* _INFORMATION SUPPLIED_:
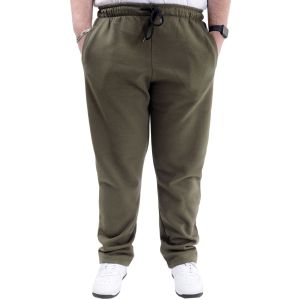 Büyük Beden Kışlık Eşofman Classic 3 İp 11103 Haki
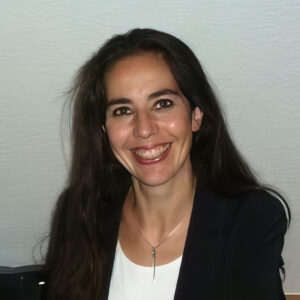 A portrait of Cécilia Mesa, Sales Manager at PL BioScience.
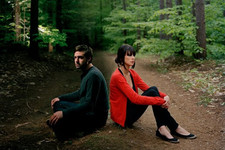 phantogram in the forest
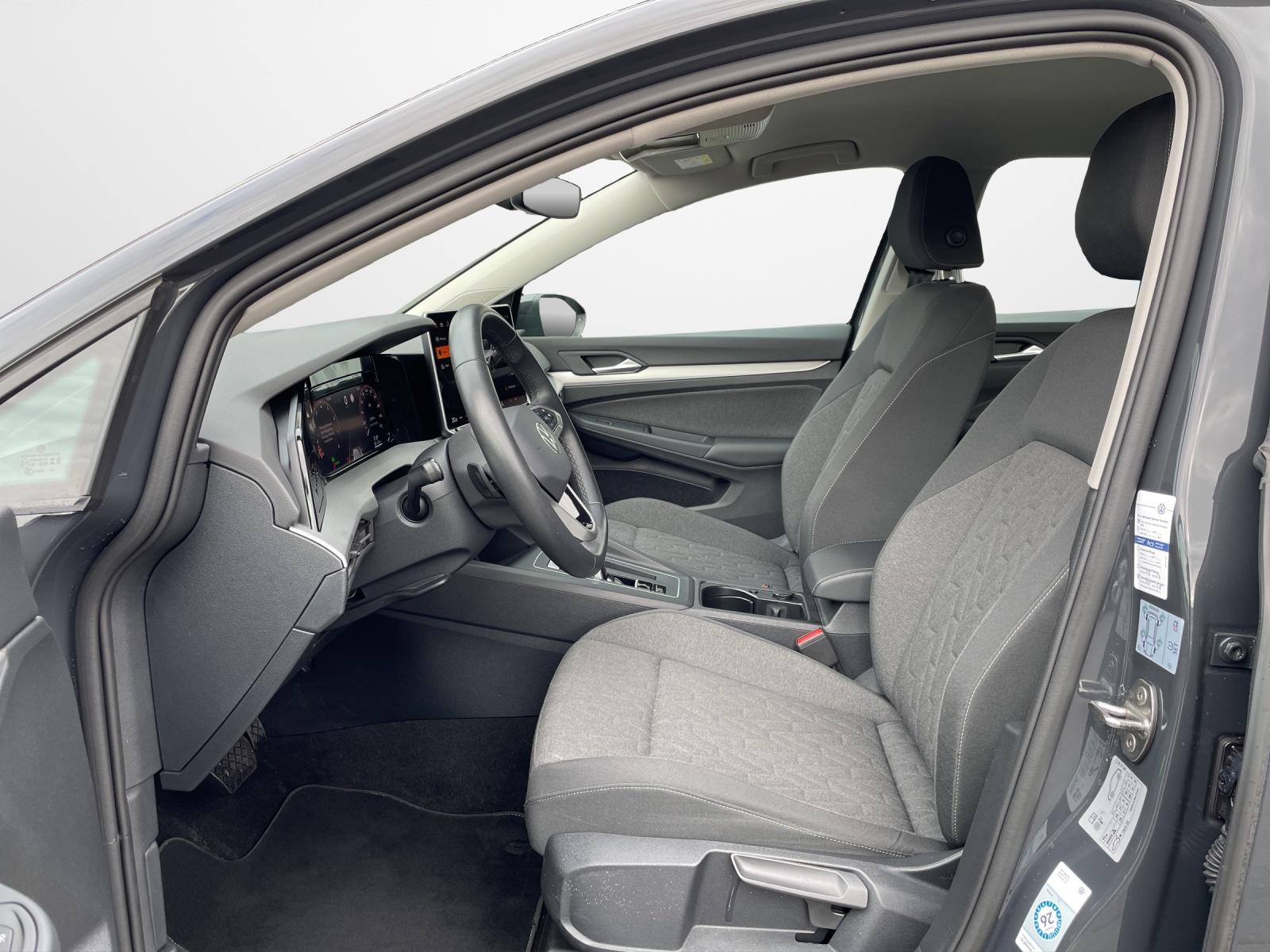 Volkswagen Golf 1.5 eTSI DSG Life HeadUp Navi LED PDC LM, миниатюра 7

* _TRY IT_: Once the pictures are set aside, please output all the data word for word.

* _ANSWER TO THIS PROBLEM_:
 Büyük Beden Kışlık Eşofman Classic 3 İp 11103 Haki
 A portrait of Cécilia Mesa, Sales Manager at PL BioScience.
 phantogram in the forest
 Volkswagen Golf 1.5 eTSI DSG Life HeadUp Navi LED PDC LM, миниатюра 7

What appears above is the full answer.